2007-06-21 17:26:23 | よしなしごと
 わが家の枇杷を、既に数度にわたって収穫した。
 その都度、娘の勤める学童保育のおやつや、私の老母のおやつに供してきた。

 今の子供たちは、枇杷を結構珍しがるようである。
 むろん、スーパーには売っているが、それが子供のおやつとして供される機会が少ないのだろう。

 
       枇杷の花.こんなに綺麗なのですよ。

 私にとっては、枇杷は懐かしい果物である。
 と言うより、戦時中の私にとっては、口に出来る果物と言えば、イチジクと柿と栗と枇杷しかなかったからである。これらは、それぞれ、私が疎開していた母の実家の敷地内にあったもので、それらが熟す時期は、私達子供にとっては天国であった。

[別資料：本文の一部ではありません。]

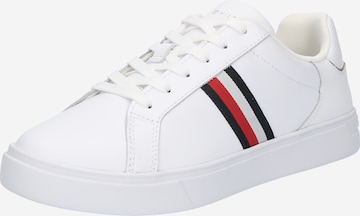 TOMMY HILFIGER Sneakers laag 'ESSENTIAL COURT' in Wit: voorkant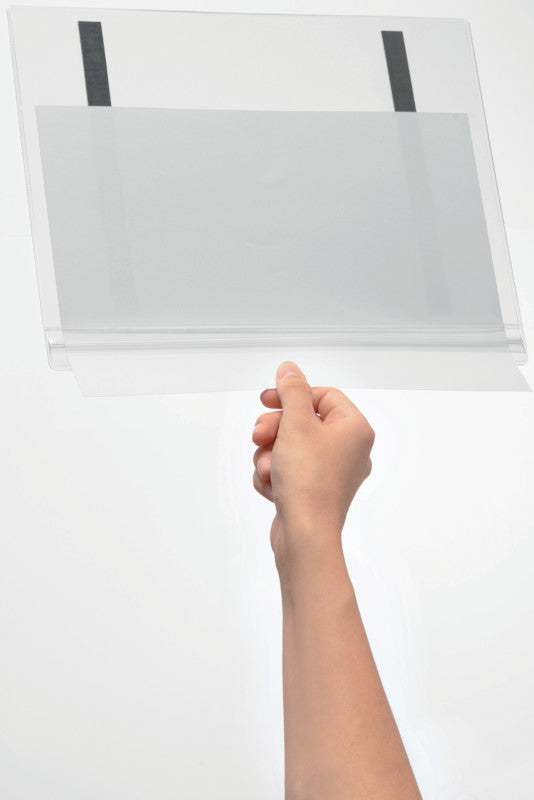 Durable Magnetleiste – 210 × 297 mm, transparent, wiederverwendbar, für A4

 しかし、それ以外の果物については、全く疎遠であった。  
 戦時中の食糧難の中にあって、果物などは全くの贅沢品であり、今なら最もポピュラーなリンゴやミカンすら入手困難であった。
 それらの果樹園は伐採され、もっと基本的な食料生産のために畑などに転用されたからだ。

 だから、私達の口に出来た果物と言えば、前に述べたようなものに限定されたのだが、それらはいずれも、農家の庭先で獲れるものであった。

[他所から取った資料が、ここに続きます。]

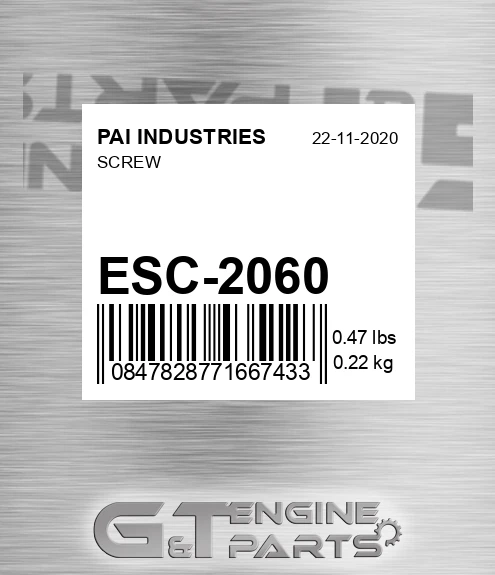 ESC-2060 Screw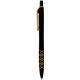 a black-orange spiralina comfort night pen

 ところがである、私達よりやや上の世代は、私達が口に出来ない果物を食していたのである。

 それはまだ、日本が列強によって追いつめられ、戦況が悪化する前のことである。
 台湾からは美味いバナナが入ってきた。その他、東南アジアの占領地からはマンゴー、パパイヤ、パイナップルなどが入ってきていた。

 しかし、やがて戦争はいっそう激しくなり、制海権や制空権をも連合国側に掌握され、兵員や軍事物資の輸送すらままならぬ状況下にあって、果物どころではなくなっていたのだ。

 

 不幸にして、私がものごころ付いたのはそうした時期であった。だから、前記の海外産の果物の中で、私が戦前口にしたものとしては、乾燥バナナの切れっぱししかない。それは、いわばレーズンのようなもので、口に入れている内に柔らかくなり、かすかにバナナの味覚が広がるのだった。

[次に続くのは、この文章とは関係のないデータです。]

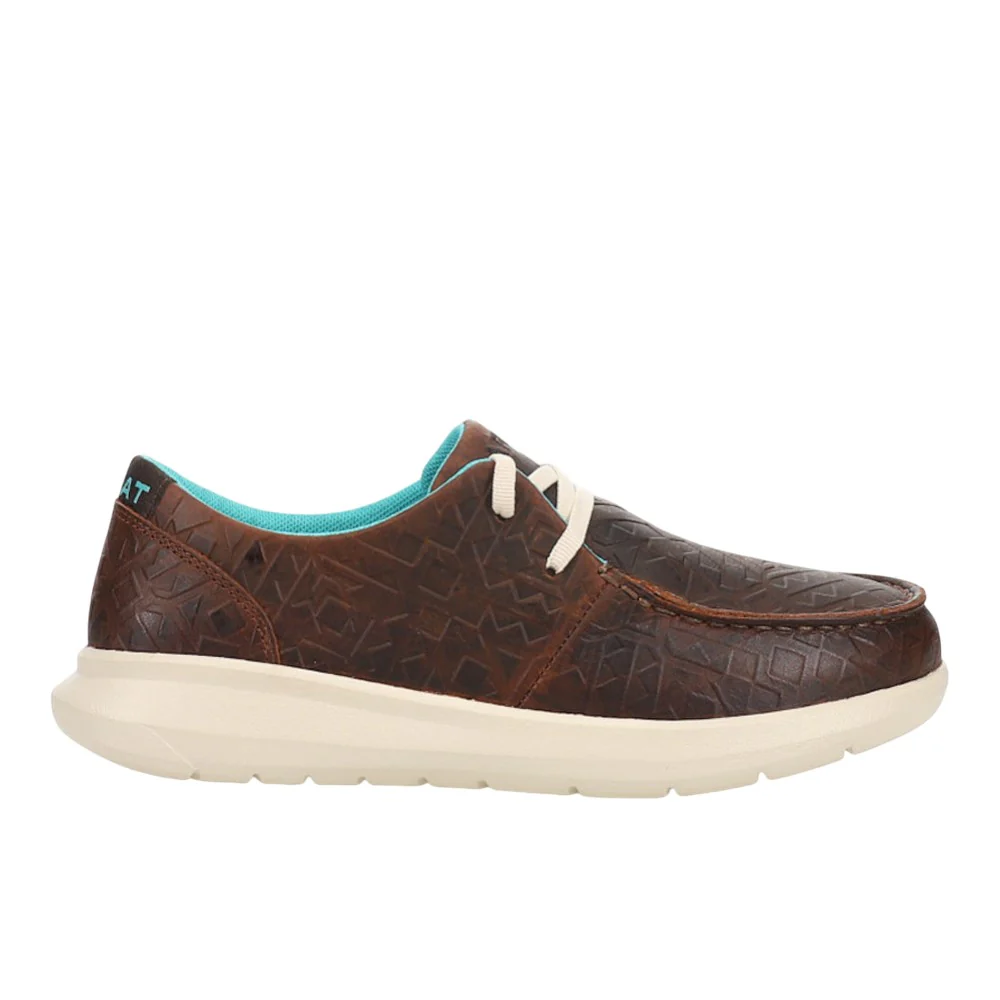 Hilo Stretch Embossed Slip On Flats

 しかし、私達にとって残酷だったのは、それらを口に出来ないということもあったが、それ以上に、むしろ知らないならば知らないで済むのに、回りには、やたらそれについての情報が氾濫していたことだ。

 台湾は日本の統治下であり、南洋諸島も日本の占領地であることが絵本や雑誌にはエキゾチックな挿絵と共に、これでもか、これでもかと強調されていて、やがてそれらの場所は、大東亜共栄圏として、わが国がリードするいわば従属国になるのだと記されていた。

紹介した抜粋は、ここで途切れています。